Однако затем на планету прилетели люди, и живые одеяла воспрянули. Они как бы заключили с людьми взаимовыгодный союз, превратились в мгновение ока в одно из величайших чудес Галактики. Слияние человека и живого одеяла являлось некой разновидностью симбиоза. Стоило одеялу устроиться на человеческих плечах, как у хозяина отпадала всякая необходимость заботиться о пропитании; он знал, что будет сыт, причем кормить его станут правильно, так, чтобы поддержать нормальный обмен веществ.

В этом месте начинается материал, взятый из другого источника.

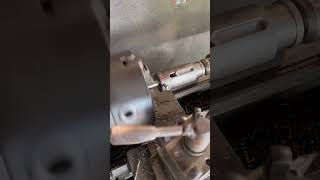 Bikin drat di mesin bubut, material stainless 304 drat M14x1.5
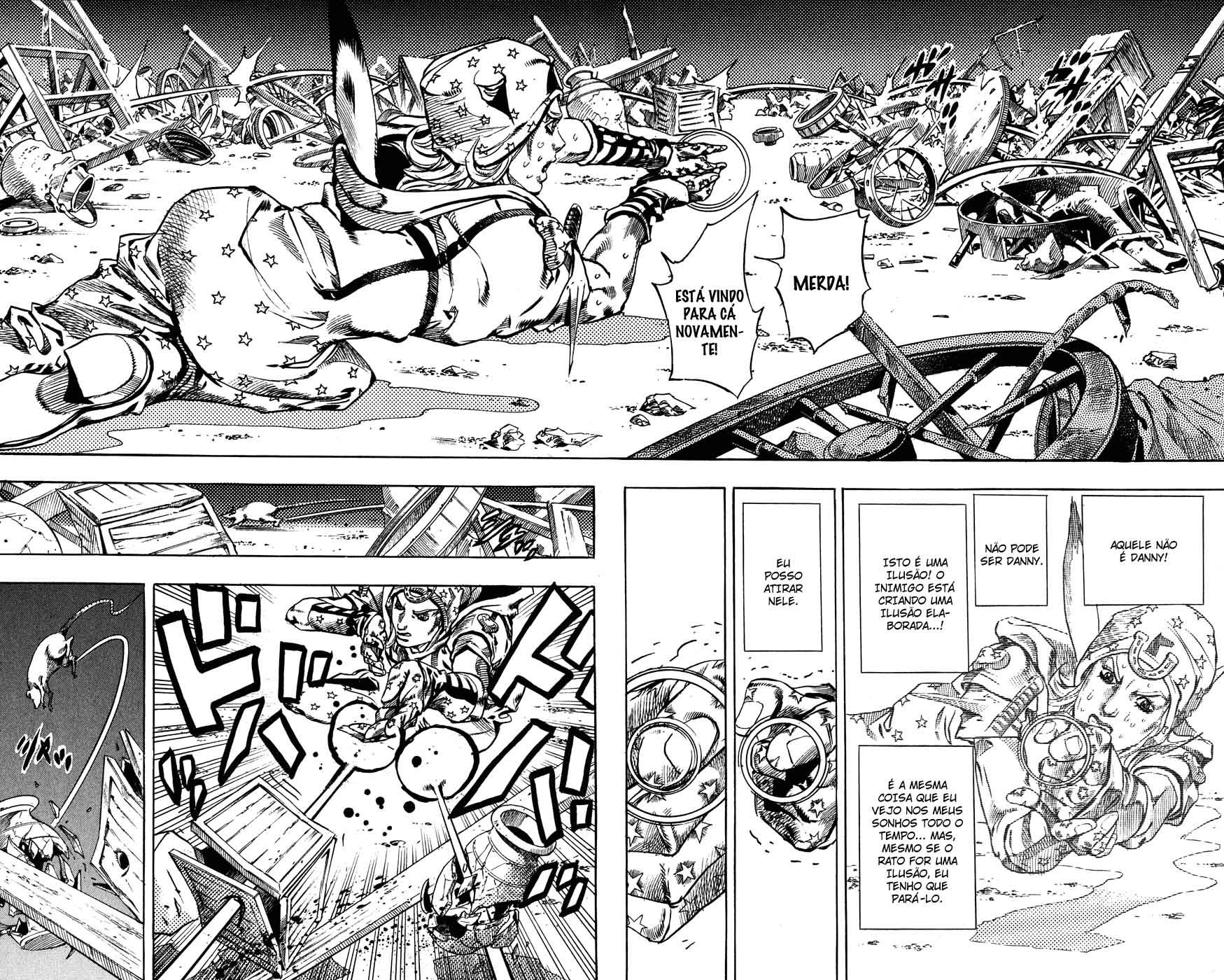 Read JoJo's Bizarre Adventure Part 7  Steel Ball Run PT-BR Manga Online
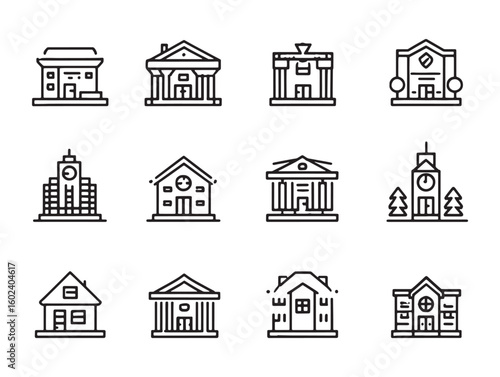 Real Estate Law Modern Minimalist 2D Drawing
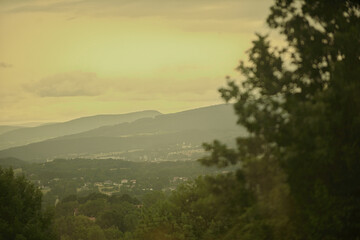 sunset in the mountains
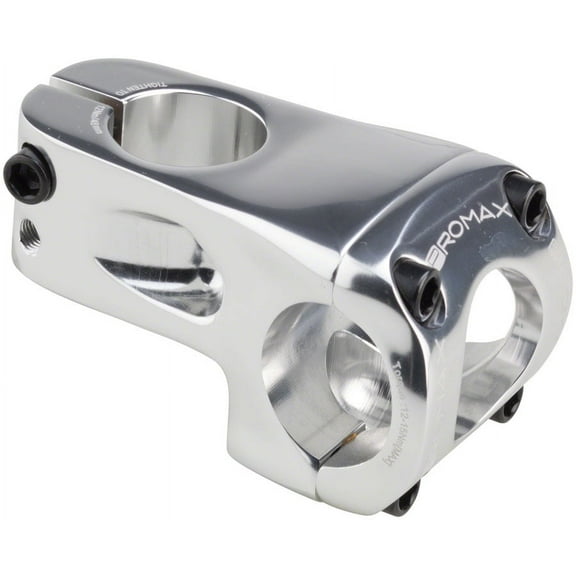 Promax Banger BMX Stem Silver, 1-1/8" Steerer, 31.8mm Clamp, 48mm Reach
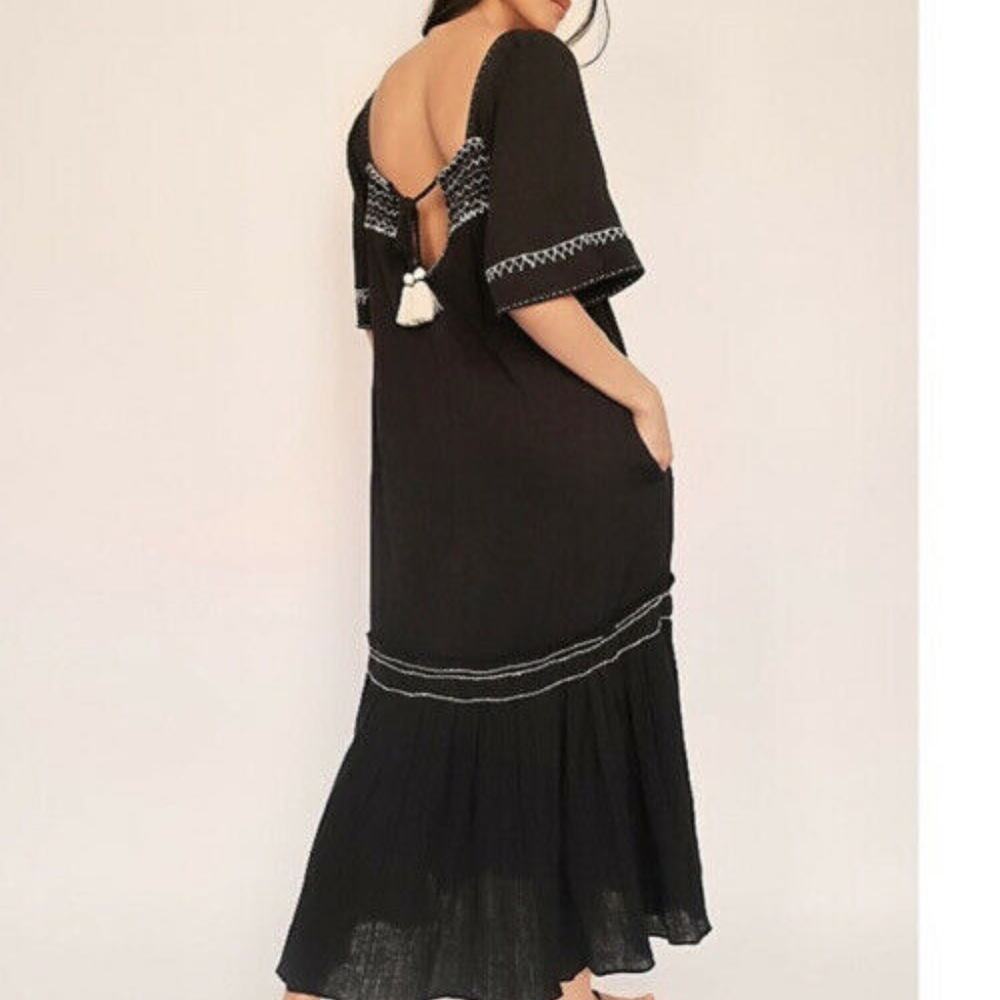 Boho Maxi Free People Dress - Small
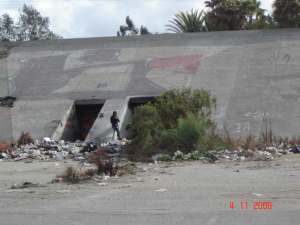 Aqueduct levee doors in TJ River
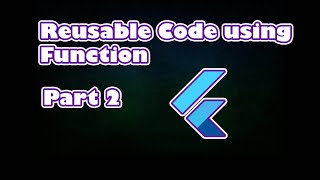 Reusable Code using Function - Part 2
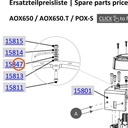 Collomix zeskantmoer M4 (DIN 934)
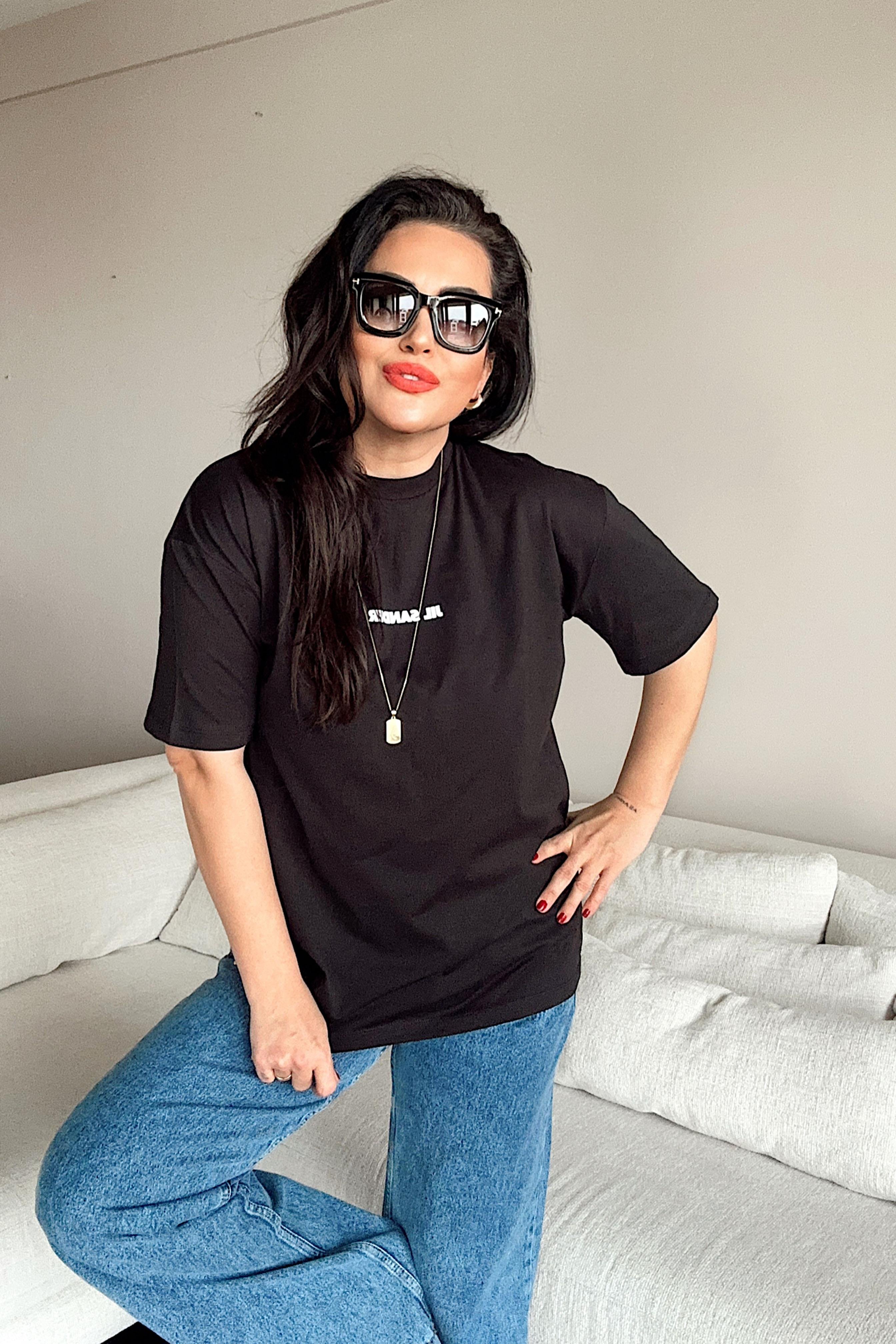 Premium Kalite Bisiklet Yaka Basic Tişört Siyah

Одеяла обладали уникальной способностью поглощать энергию окружающей среды и преобразовывать ее в пищу для людей; мало того, они соблюдали — разумеется, в известной степени — основные медицинские требования.

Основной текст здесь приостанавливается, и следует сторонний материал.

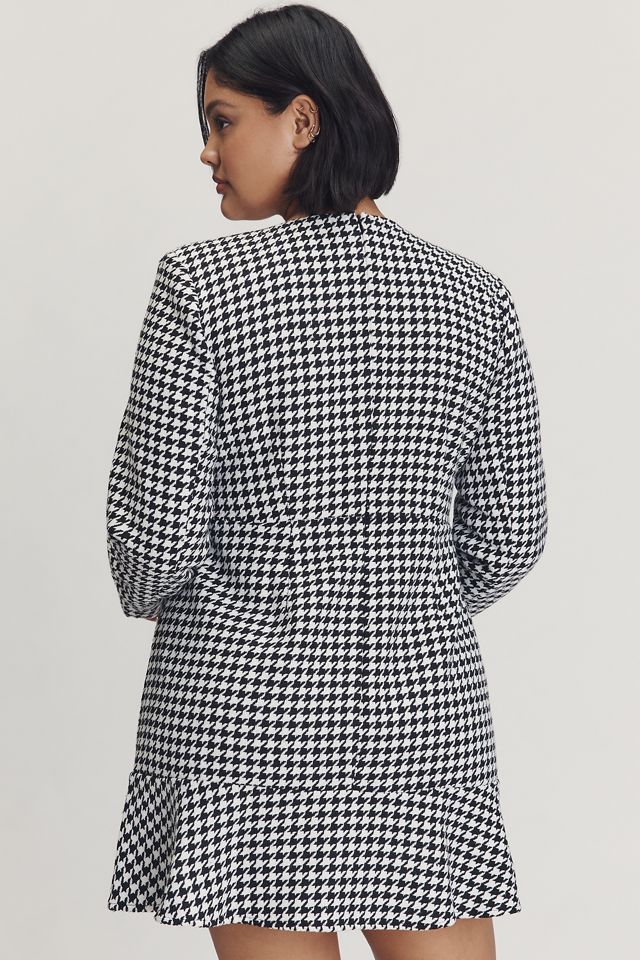 Eloquii Plus Long-Sleeve Rhinestone Button Mini Dress #2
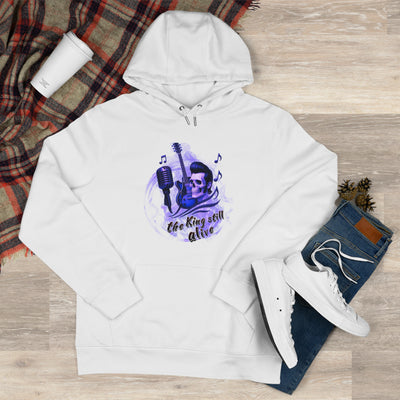 Rock 'n' Roll King Hooded Sweatshirt - 'The King Still Alive' Graphic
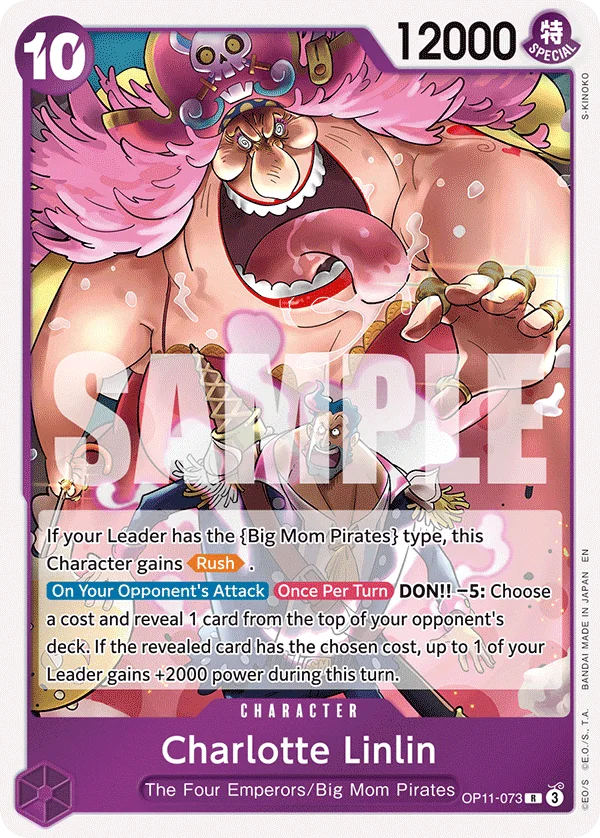 Charlotte Linlin OP11-073 – One Piece Card Game Character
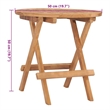 Bowery Hill Outdoor Dining Set Teak Wood Color Solid Teak Wood Compact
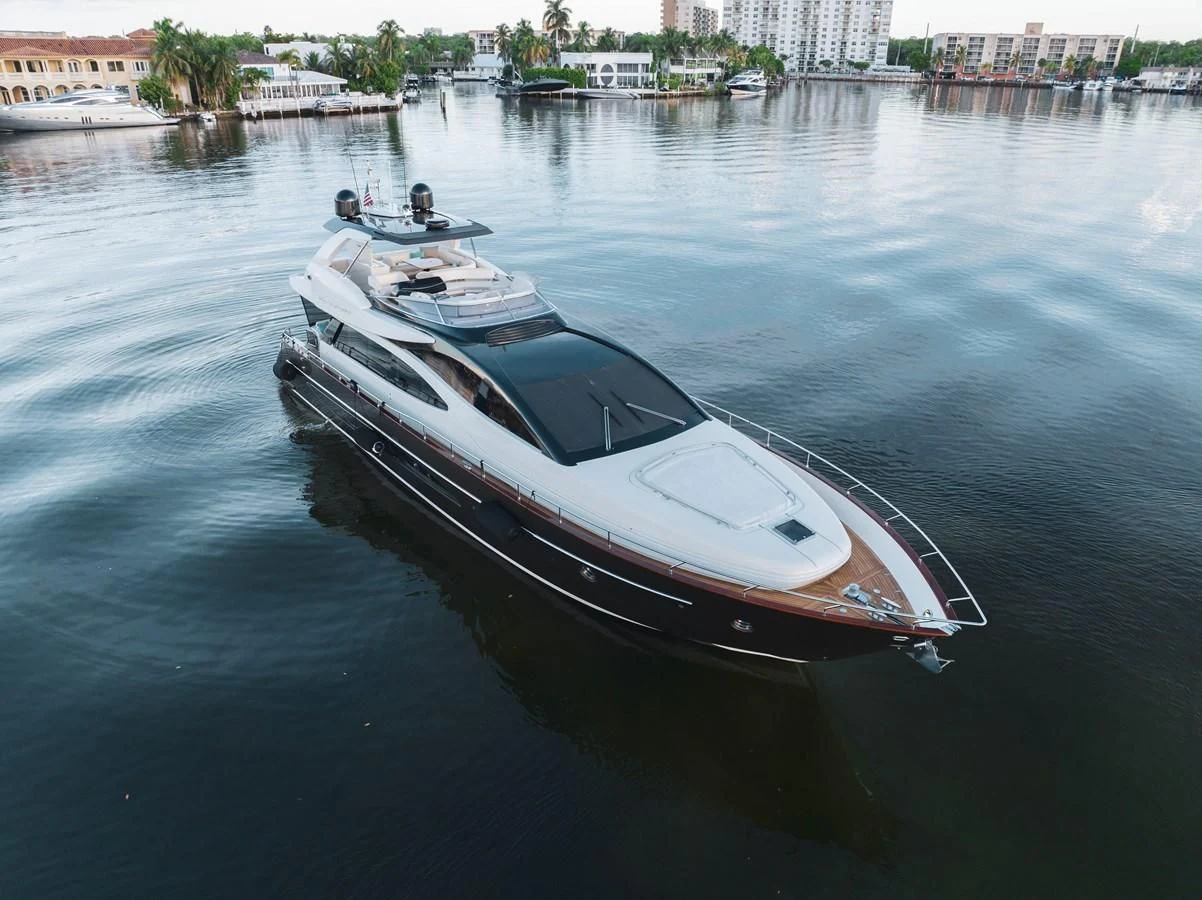 a boat on the water aboard 75' RIVA 2012 Yacht for Sale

Но если одеяла кормили людей, согревали их и выполняли обязанности домашних врачей, люди давали им нечто более драгоценное — осознание жизни. В тот самый миг, когда одеяло окутывало человека, оно становилось в каком-то смысле его двойником, обретало рассудок и эмоции, начинало жить псевдожизнью куда более полной, чем его прежнее унылое существование.
Никодим, помыкавшись у двери в ванную, в конце концов рассердился. Он ощущал, как утончается ниточка, связывающая его с человеком, и оттого злился все сильнее. Наконец, чувствуя себя обманутым, он покинул факторию, неуклюже выплыл из нее, похожий на раздуваемую ветром простыню.

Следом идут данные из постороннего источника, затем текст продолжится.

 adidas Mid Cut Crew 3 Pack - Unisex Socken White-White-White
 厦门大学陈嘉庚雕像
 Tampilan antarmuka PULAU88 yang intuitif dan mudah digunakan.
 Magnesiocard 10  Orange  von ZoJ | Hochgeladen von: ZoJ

Тусклое кирпично-красное солнце, сигма Дракона, стояло в зените над планетой, которая выглядела сумеречной даже сейчас. Никодим отбрасывал на землю, зеленую с вкраплениями красного, причудливую багровую тень. Ружейное дерево выстрелило в него, но промахнулось на целый ярд. Нелады с прицелом продолжались вот уже несколько недель: дерево давало промах за промахом; единственное, чего ему удавалось добиться, — это напугать Нелли — так звали робота, отличавшегося привычкой говорить правду и являвшегося бухгалтером фактории. Однажды выпущенная деревом пуля — подобие земного желудя — угодила в металлическую стенку фактории. Нелли была в ужасе, однако никто не потрудился успокоить ее, ибо Нелли недолюбливали. Пока она находилась поблизости, нечего было и думать о том, чтобы позаимствовать со счета компании энную сумму. Кстати говоря, именно поэтому Нелли сюда и прислали.
Впрочем, пару недель подряд она никого не задевала, поскольку все увивалась вокруг Энциклопедии, который, должно быть, мало-помалу сходил с ума, пытаясь разобраться в ее мыслях.
Никодим высказал ружейному дереву все, что он о нем думал — мол, спятило оно, что ли, раз стреляет по своим, — и направился дальше. Дерево, мнившее Никодима отступником, растительным ренегатом, выстрелило снова, промахнулось на два ярда и решило, по-видимому, не тратить зря патроны.